Prompt
For the records below, reproduce exactly the line that contains "Eligibility Criteria for" and all subsequent lines, with nothing left out and nothing added.

Data for analysis
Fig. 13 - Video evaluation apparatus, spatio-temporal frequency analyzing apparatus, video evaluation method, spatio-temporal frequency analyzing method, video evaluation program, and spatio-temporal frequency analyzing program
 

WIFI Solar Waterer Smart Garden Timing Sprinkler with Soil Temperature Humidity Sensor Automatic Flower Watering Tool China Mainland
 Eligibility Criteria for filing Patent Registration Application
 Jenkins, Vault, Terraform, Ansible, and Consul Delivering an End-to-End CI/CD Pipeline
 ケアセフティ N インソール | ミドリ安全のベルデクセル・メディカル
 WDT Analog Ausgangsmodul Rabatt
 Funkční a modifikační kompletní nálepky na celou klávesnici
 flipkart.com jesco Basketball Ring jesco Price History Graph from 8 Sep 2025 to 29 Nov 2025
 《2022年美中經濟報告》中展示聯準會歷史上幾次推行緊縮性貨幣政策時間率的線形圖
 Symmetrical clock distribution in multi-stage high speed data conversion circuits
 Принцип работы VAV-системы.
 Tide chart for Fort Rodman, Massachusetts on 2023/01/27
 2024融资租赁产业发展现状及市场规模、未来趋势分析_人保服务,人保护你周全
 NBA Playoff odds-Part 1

Written reply
 Eligibility Criteria for filing Patent Registration Application
 Jenkins, Vault, Terraform, Ansible, and Consul Delivering an End-to-End CI/CD Pipeline
 ケアセフティ N インソール | ミドリ安全のベルデクセル・メディカル
 WDT Analog Ausgangsmodul Rabatt
 Funkční a modifikační kompletní nálepky na celou klávesnici
 flipkart.com jesco Basketball Ring jesco Price History Graph from 8 Sep 2025 to 29 Nov 2025
 《2022年美中經濟報告》中展示聯準會歷史上幾次推行緊縮性貨幣政策時間率的線形圖
 Symmetrical clock distribution in multi-stage high speed data conversion circuits
 Принцип работы VAV-системы.
 Tide chart for Fort Rodman, Massachusetts on 2023/01/27
 2024融资租赁产业发展现状及市场规模、未来趋势分析_人保服务,人保护你周全
 NBA Playoff odds-Part 1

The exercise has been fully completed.